Instructions for the task:
Word for word, copy out the data below, omitting pictures.

Raw data:
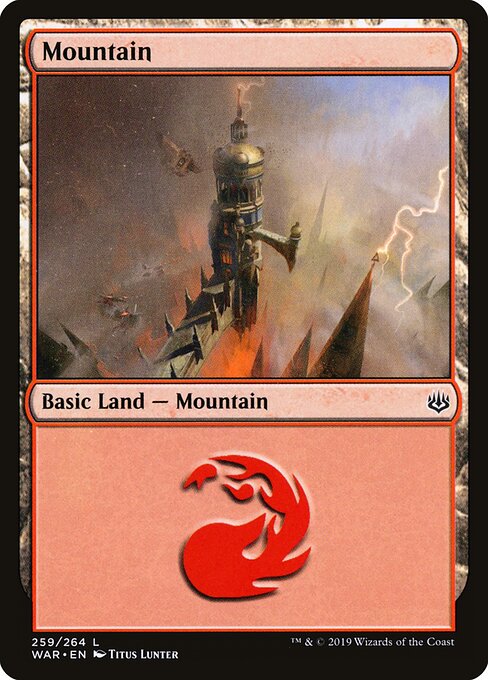 Mountain — War of the Spark #259, art by Titus Lunter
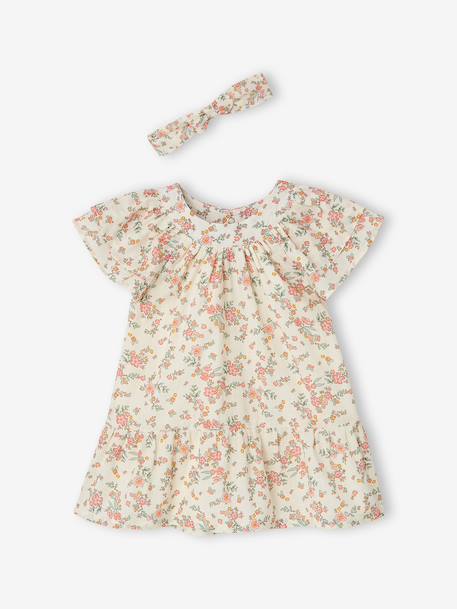 Ensemble bébé fille robe, bloomer et bandeau écru 3 - vertbaudet enfant 
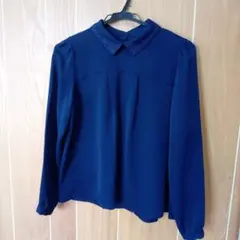 Te chichi 襟付ブラウス ネイビー M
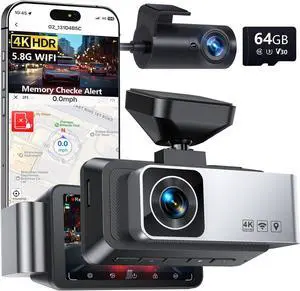 Dash Cam Front and Rear, 4K Full HD 2 channel Dash Camera for Cars, Built-in Memory Card Monitoring, 64GB Card, 5G WiFi GPS, Car Camera with 3" IPS Screen, 2160P Night Vision, Parking Monitor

Result for this task:
 Mountain — War of the Spark #259, art by Titus Lunter
 Ensemble bébé fille robe, bloomer et bandeau écru 3 - vertbaudet enfant 
 Te chichi 襟付ブラウス ネイビー M
 Dash Cam Front and Rear, 4K Full HD 2 channel Dash Camera for Cars, Built-in Memory Card Monitoring, 64GB Card, 5G WiFi GPS, Car Camera with 3" IPS Screen, 2160P Night Vision, Parking Monitor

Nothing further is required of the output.